I read that time heals all things, but I think it is what happens in its pockets, in those months and moments, that matters. Three years later, there are still faint white ridges peppering my forearms. But so much more has happened. I visit SHARE and learn that it was not my fault; I stop lying to my therapist. I learn that a boyfriend will not heal me, that you must love yourself before you can love someone else. I begin to let things go, to forgive, to see in color. I cease trying to perform stability and start to embody it. One evening, I sit in an empty lecture hall and play all 29 Taffanel scales. I practiced them in my warm-up almost every day for five years; my fingers remember the harmonic shifts on the descending relative minors.

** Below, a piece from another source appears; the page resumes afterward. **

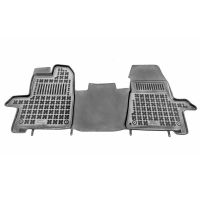 Πατάκια Σκαφάκια 3D Από Λάστιχο TPE Για Ford Transit Custom (2013-2023) / Tourneo Custom (2013-2018) / Transit (2013+) 2 θέσιο Rezaw Plast 1 Τμχ Μαύρα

The notes fill the hall, reverberating from the high ceiling, and I can feel the soft hum of air under my fingertips. I have not heard myself play alone for a long time. I listen to Rampal playing Schumann’s Three Romances and Dufour playing Poulenc’s Cantilena when I walk to class instead of listening to nothing. I pass Liberty Village 2 on a breezy day and look through the high metal fence separating courtyard from street. There are inpatients playing volleyball, undoubtedly without rules. A nurse watches them. There is someone sitting on the grass, looking up at the sky.

As I write this, I think about the first time I played a concerto with orchestra. When I reach the recapitulation, the last time the primary theme returns, I envision all the time I have spent with the notes. I hold them close, and then, prodded by the strings, release them one by one, watching them float away. Somehow, it feels like saying goodbye to a now-distant friend: Your heart aches, but it is full. Dolce. The paramedic with the kind eyes was right. It gets better.

These days, I prefer to engage in different forms of expression. My art class visited the University Theatre last semester. We could choose anything to paint: the coarse ropes hanging in the wings, the plush chairs, the velvet curtains. Standing onstage facing the audience, I paint the lights. They are white in the center, haloed with turquoise and lime green.

I do not remember the last time I stood on a stage and performed. But what I do remember is how it goes: I would nod at my accompanist, put on my most brilliant smile, walk out — fast but not too fast — and turn to the audience before bowing. The blinding lights were the first thing I always saw.